There must be a mechanism to get the Direct Access list to the Web proxy clients. The Web proxy clients must have access to this list, because it's the browser that makes the decision for Direct Access, not the ISA Firewall. That is to say, if the user wants to go to www.hotmail.com, its up to the user's browser to decide "hey, I'm not supposed to use my Web proxy client configuration to reach Hotmail, so I'm not going to forward this connection request to the ISA Firewall's Web proxy listener on my ISA Firewall Network."

The way the browser gets the Direct Access list is via the autoconfiguration script. There are two ways to access the autoconfiguration script:

  • Web browser autodiscovery (Autodiscovery information publishing must be enabled on the ISA Firewall)
  • Web browser configuration to use the autoconfiguration script (this can be done manually, through Group Policy, or via start-up or log on script)

The figure below shows the Web browser configuration on my computer. This setting was made in AD Group Policy.

Notice the third option in this dialog box: Use a proxy server for you LAN. If you enable this option only, then the Web proxy client computers will not receive the autoconfiguration script and your Direct Access entries will not work.

The next step is to remove the Web proxy filter from the HTTP protocol. We need to do this because if we don't remove the Web proxy filter from the HTTP protocol, then the Firewall client and the SecureNAT client requests will be automatically forwarded to the Web proxy filter and we'll end up in the same mess we were in when the machine was acting as an explicit Web proxy client.
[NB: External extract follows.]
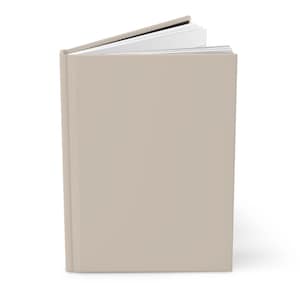 Oatmeal Beige Plain Journal Hardcover Notebook 5.75"x8" 150 Lined Pages Best Selling Item Most Popular Item Trending Plain Notebook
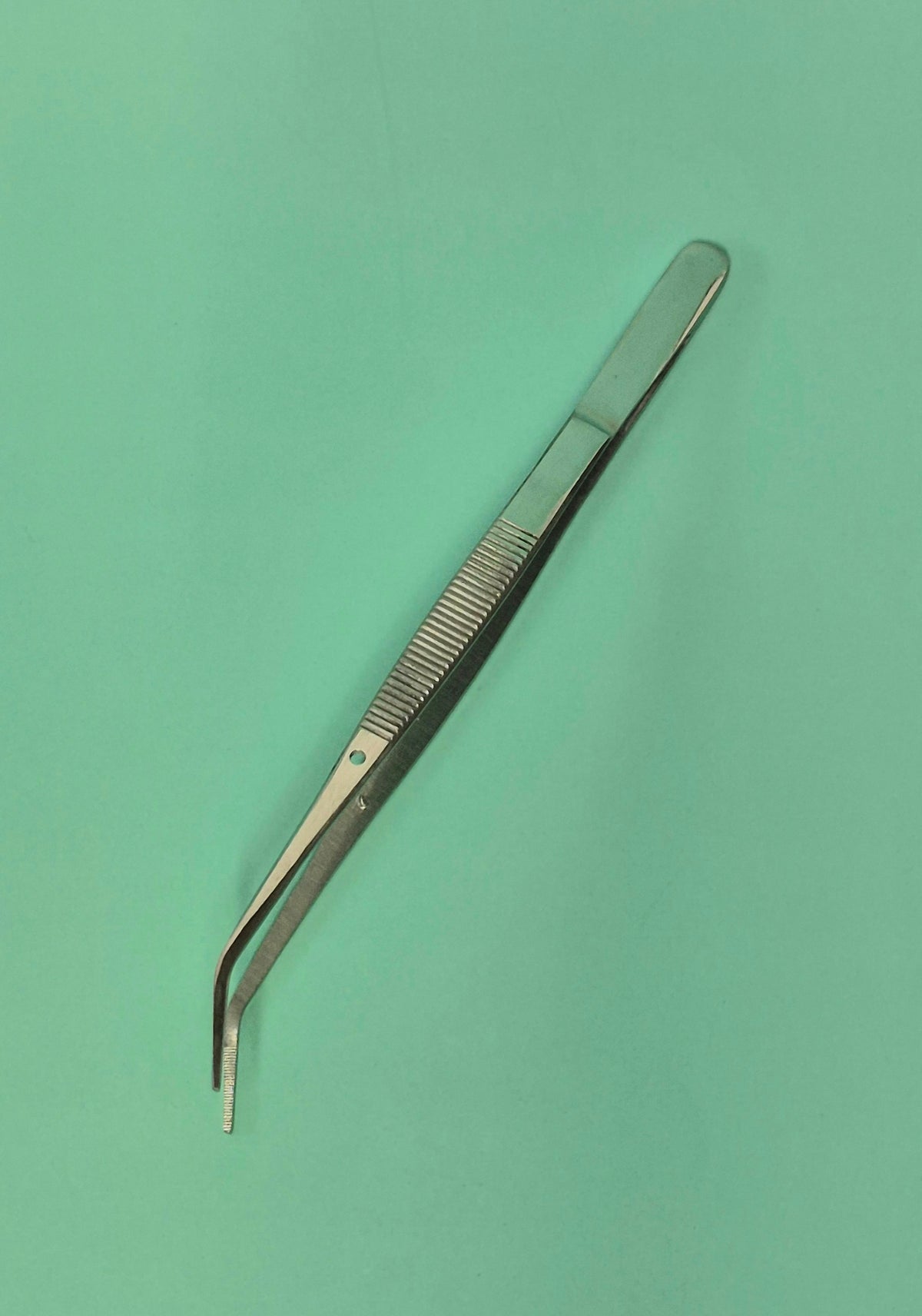 Tweezers 6" Bent Tip (Available Locking)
Go to the Properties of the HTTP protocol and remove the checkmark from the Web Proxy Filter checkbox. Click OK and save the changes.
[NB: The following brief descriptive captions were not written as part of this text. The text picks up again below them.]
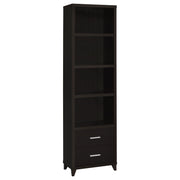 Mueble para TV Lewes de 60 pulgadas, madera de ingeniería de dos puertas, color capuchino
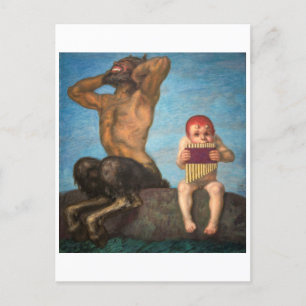 Carte Postale Dissonance Franz von Stuck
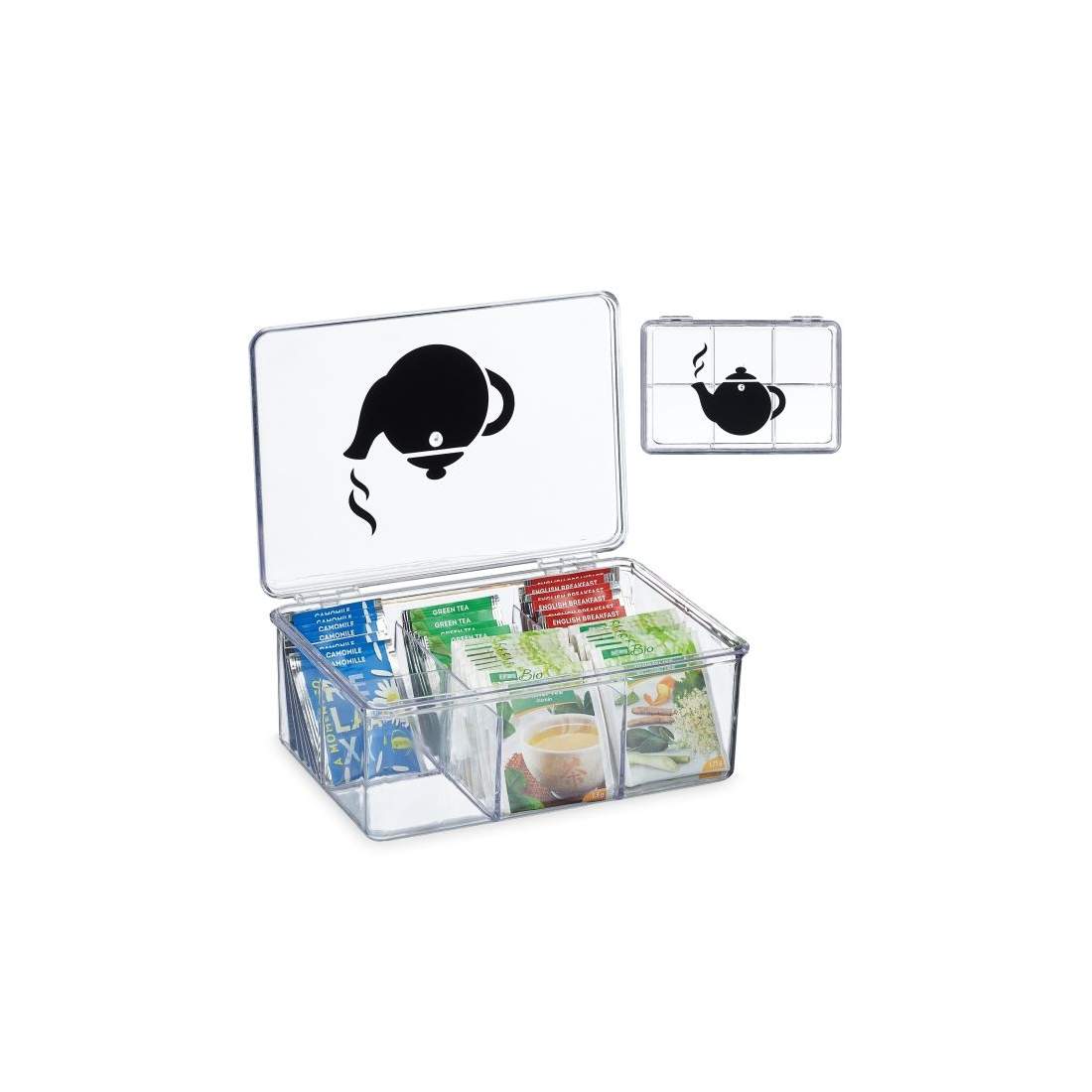 Transparent telåda med 6 fack | Hälsa & Skönhet - Personvård - Hygien | Pryloteket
After the Web proxy filter is unbound from the HTTP protocol, only machines acting explicitly as Web proxy clients will benefit from the Web proxy filter's features, such as Web caching and HTTP protocol inspection. When machines configured as Web proxy clients try to access servers on the Direct Access list, the Web proxy client will not act as a Web proxy client for those connections and thus no caching or HTTP protocol inspection will take place for these problematic sites.
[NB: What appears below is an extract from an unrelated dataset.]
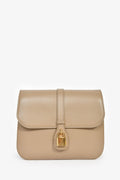 Celine 2022 Taupe Leather Medium 'Tabou' Crossbody Bag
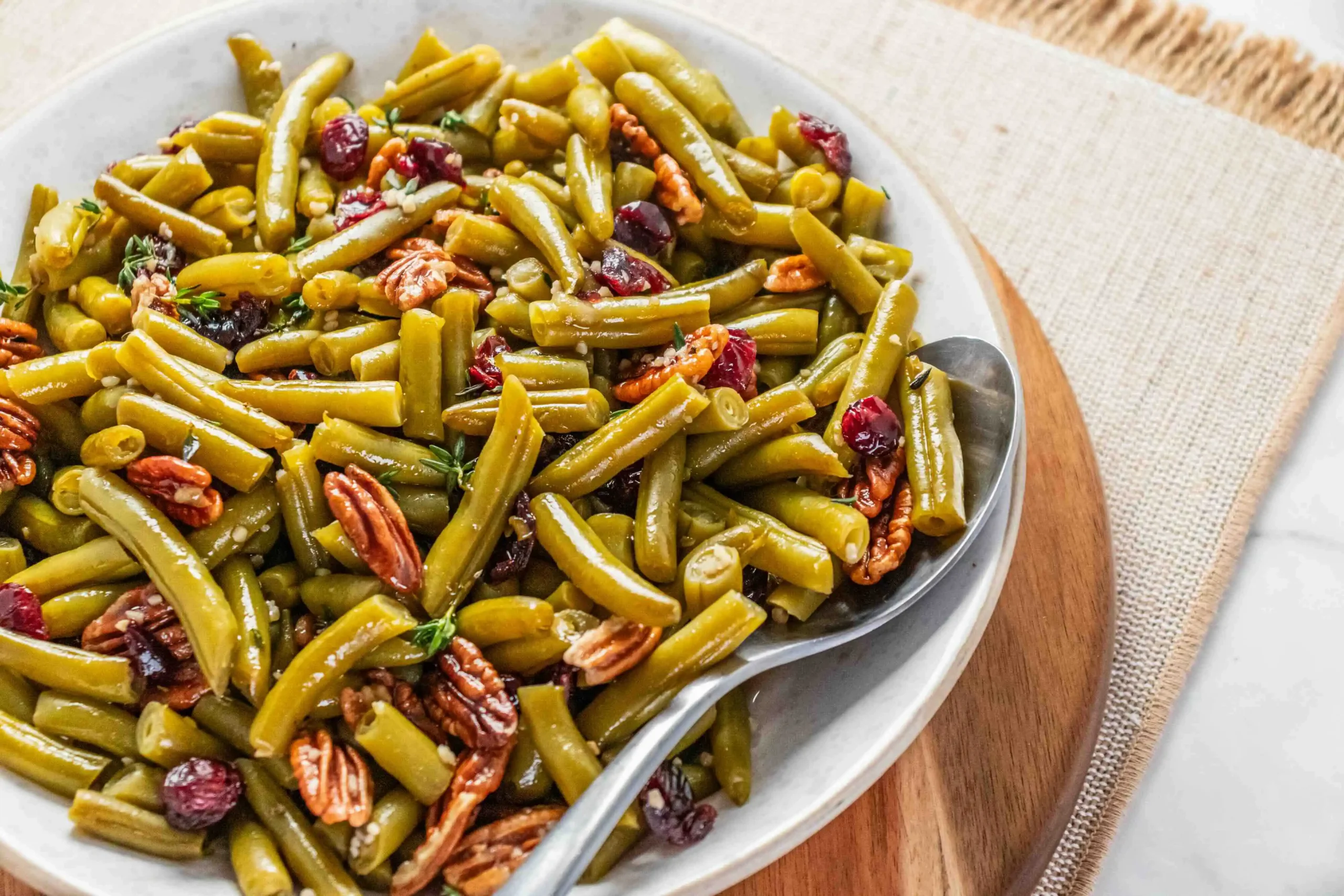 Green Beans with Pecans and Cranberries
The last step is to create a rule (or rules) for the Direct Access site(s). If you still want to require authentication for outbound access, to those sites, then the client machines must be configured as Firewall clients, since SecureNAT clients can't authenticate. If you don't want to require authentication to reach the Direct Access site(s), then you can use the SecureNAT configuration.

HTH,

Tom

Thomas W Shinder, M.D.
Site: www.isaserver.org

Blog: http://blogs.isaserver.org/shinder/
Book: http://tinyurl.com/3xqb7

Email: tshinder@isaserver.org

MVP — Microsoft Firewalls (ISA)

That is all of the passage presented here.